In short, they wanted to know if China could survive with her best customer, the US, curled up in the fetal position across the Pacific. If consumers in the great consumer economy were forced to economize, what would happen to China Inc., some 70% of which relies on exports?

The problem, the experts said, was that while Americans had gorged, the Chinese had fasted. Where the west had spent, the Middle Kingdom had saved. There was a catastrophic imbalance, they said, an imbalance that threatened to spin the world off its axis and send it into outer space. And so, in the middle of the most epic, debt-fueled financial crisis in a century or more, the world pinned its hopes for recovery on the Chinese factory worker.

“Start spending!” they implored him. “Grab a credit card and start amassing some debt! If you don’t, we’re surely all doomed!”

So far, so good, according to Romeo Dator, co-manager of the China Region Fund. Dator points out that retail spending in China remains strong, up 16% in October on figures from last year. Industrial production is up by the same margin, he says, and housing starts, for the second straight month, are up 50% year over year. Dator cites domestic consumption as one of his five reasons to be bullish on China.

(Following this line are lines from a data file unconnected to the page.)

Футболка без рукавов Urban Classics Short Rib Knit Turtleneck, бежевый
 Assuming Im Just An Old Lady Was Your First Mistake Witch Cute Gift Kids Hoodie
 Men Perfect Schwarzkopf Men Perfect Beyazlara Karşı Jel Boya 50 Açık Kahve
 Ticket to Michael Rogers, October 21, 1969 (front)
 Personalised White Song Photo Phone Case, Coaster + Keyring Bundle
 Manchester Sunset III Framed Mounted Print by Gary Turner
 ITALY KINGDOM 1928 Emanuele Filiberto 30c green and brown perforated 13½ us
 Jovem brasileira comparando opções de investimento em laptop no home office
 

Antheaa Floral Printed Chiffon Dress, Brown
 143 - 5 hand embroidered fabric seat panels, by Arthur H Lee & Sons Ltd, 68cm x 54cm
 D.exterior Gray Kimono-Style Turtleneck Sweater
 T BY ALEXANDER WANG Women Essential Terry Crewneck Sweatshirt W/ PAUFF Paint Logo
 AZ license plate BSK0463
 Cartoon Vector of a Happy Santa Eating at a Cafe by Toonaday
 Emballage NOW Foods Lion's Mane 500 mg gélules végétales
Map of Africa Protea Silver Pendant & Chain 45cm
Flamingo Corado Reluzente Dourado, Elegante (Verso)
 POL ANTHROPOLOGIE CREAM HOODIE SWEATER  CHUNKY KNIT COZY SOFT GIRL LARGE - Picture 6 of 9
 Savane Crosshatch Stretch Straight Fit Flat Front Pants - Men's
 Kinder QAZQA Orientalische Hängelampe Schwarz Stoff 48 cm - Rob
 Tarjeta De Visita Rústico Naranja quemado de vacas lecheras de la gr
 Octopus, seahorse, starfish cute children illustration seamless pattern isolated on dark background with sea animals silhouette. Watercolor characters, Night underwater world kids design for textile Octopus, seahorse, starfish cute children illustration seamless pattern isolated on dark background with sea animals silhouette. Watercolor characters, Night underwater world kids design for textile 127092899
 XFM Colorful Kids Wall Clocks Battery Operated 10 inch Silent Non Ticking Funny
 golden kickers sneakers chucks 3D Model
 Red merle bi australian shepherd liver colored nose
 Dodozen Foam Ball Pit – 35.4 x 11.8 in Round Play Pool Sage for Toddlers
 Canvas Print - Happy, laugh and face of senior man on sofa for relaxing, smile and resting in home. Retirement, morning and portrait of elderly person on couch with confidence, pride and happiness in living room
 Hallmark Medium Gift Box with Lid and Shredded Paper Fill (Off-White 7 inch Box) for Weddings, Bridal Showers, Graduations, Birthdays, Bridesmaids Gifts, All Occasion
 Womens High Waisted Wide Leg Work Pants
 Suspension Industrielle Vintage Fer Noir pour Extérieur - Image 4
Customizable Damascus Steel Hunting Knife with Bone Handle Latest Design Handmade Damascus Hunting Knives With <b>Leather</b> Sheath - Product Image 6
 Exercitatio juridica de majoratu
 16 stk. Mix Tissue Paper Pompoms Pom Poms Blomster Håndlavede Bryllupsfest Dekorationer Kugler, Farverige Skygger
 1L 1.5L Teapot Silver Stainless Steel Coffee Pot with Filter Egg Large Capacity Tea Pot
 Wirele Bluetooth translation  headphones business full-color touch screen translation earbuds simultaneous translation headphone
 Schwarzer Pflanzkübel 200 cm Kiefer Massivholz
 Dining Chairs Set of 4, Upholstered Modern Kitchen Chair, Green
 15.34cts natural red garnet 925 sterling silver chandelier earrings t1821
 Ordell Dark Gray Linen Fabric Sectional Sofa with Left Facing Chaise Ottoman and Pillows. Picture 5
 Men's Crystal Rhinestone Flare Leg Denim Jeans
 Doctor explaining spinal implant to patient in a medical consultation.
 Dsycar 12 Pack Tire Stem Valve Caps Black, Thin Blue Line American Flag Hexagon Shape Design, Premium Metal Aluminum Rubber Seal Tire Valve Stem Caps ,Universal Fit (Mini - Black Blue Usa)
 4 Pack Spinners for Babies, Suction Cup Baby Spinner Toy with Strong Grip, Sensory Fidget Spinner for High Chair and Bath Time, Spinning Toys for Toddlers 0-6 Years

Puru Saxena, a regular contributor to the DR who is based in Hong Kong is also enthusiastic about China’s robust consumption. Saxena points out that 900,000 cars are sold each month there, and that, “by the end of this year, the Asian powerhouse will replace America as the world’s largest market for automobiles.” The trend is similar for other household items such as refrigerators, motorbikes and mobile phones.

Then there’s the $2.3 trillion (with a “T”) China holds in foreign reserves…the war chest of strategic resource investments it has throughout Asia, Australia, Africa, Canada and South America…strengthening trade ties with other emerging nations…a Daily Reckoning satellite office in Taipei…the list goes on…

But nothing ever moves in a straight line, dear reader – neither up nor down. China has more political headaches than a DC shrink and some 200 million of its people still exist – barely – on less than $5 per day. In many ways, it is also an environmental disaster zone with the people feeling the very real effects of their country’s rampant growth.

According to Ma Jun, director of the Beijing-based Institute of Public & Environmental Affairs and author of China’s Water Crisis, some 400 of China’s 600 cities are facing basic water shortages, including 100 that may see serious shortages. Just to meet the needs of its city dwellers, Ma estimates that the country needs another 40 billion cubic meters of water per year, or about one-tenth the volume of Lake Erie. And that’s to say nothing of the 300 million residents living in rural areas.

Indeed, these are no small problems, but neither are China’s aspirations modest in size or scope. Fortunes will be made and lost in the coming century all around the world…more so, on both counts, in China.